In recent years, more legislation has been enacted that further looks to marginalise the community and complement the Vagrancy Act. The 2014 Anti-social Behaviour, Crime and Policing Act saw the introduction of Public Space Protection Orders (PSPO), a piece of legislation that ‘allows for sweeping powers to criminalise behaviour that is not ‘normally’ criminal’. Certain areas of a city, like a town centre, can now have this law applied to it and enforced through fines and arrests.

This can often mean physical access to services becomes impossible without committing an offence by breaching an area ban. According to government advice, PSPOs shouldn’t be used to criminalise rough sleeping or homelessness. However, a freedom of information request saw 3 local authorities doing just that and a 2019 Guardian report showed a further 60 were using it against begging, setting up tents and loitering. Moreover, further guidance suggested using ‘appropriate powers’ and ‘proportionate response’, but some local authorities were applying fines of £100-£1000 to these individuals. The human rights charity Liberty have labelled the Orders as: ‘absurd, counterproductive, and downright cruel’. The Act clearly looks to address the problem ‘aesthetically’, offering an ‘out of sight, out of mind’ approach through PSPOs.

In the most recent development, the current government is looking to pass the Police, Crime, Sentencing and Courts Bill, infamously known for its ban on ‘noisy’ protests. Yet, the Bill also seeks to criminalise those of traveller lifestyles with trespassing offences. These very offences can also easily be applied to homeless individuals who sleep in or near their cars, making them even more vulnerable to prosecution. It seems that whilst a modern and welfare-driven approach is desperately needed, expanding legal powers against these individuals has become the priority since 2010, with no desire to address the root cause.
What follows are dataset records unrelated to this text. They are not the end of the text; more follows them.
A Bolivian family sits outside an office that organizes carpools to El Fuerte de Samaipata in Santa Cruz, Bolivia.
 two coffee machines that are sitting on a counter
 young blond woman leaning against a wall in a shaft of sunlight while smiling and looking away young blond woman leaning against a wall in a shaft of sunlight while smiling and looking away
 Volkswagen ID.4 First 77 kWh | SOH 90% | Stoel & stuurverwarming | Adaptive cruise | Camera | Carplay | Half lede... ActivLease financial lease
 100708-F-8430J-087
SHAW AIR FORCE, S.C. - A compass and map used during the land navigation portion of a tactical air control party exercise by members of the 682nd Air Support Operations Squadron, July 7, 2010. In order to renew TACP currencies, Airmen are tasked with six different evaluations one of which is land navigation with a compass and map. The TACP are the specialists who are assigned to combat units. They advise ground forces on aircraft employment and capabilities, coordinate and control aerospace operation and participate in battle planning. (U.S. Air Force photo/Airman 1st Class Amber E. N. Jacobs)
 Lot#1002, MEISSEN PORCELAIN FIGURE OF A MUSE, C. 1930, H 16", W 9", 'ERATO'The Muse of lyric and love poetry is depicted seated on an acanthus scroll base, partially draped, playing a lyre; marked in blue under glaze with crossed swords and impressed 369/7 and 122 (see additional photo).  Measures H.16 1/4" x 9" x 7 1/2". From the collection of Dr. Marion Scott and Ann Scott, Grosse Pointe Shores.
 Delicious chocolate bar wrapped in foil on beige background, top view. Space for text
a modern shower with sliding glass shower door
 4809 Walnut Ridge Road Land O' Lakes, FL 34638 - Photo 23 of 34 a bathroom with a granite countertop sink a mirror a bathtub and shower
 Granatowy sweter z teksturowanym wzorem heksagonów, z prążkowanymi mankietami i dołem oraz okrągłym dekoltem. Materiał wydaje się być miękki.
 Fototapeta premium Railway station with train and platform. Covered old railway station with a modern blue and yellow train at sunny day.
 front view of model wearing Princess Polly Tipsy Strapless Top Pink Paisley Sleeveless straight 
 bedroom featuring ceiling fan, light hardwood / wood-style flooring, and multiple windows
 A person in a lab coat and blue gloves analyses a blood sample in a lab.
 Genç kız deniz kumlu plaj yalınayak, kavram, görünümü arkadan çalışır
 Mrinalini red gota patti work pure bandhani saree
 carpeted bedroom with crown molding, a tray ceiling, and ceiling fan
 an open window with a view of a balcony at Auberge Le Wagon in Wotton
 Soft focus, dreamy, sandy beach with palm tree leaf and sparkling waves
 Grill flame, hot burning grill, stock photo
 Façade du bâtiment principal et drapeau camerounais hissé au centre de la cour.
The expanding criminalisation of homelessness is clearly hindering tackling this social crisis. A well funded and planned social programme is the only way to tackle this issue. Criminalisation does nothing to lift these individuals from the street and does more to push them out of society and our care. We must look to eradicate homelessness in its entirety, prioritising its causes and supporting them, not criminalising them.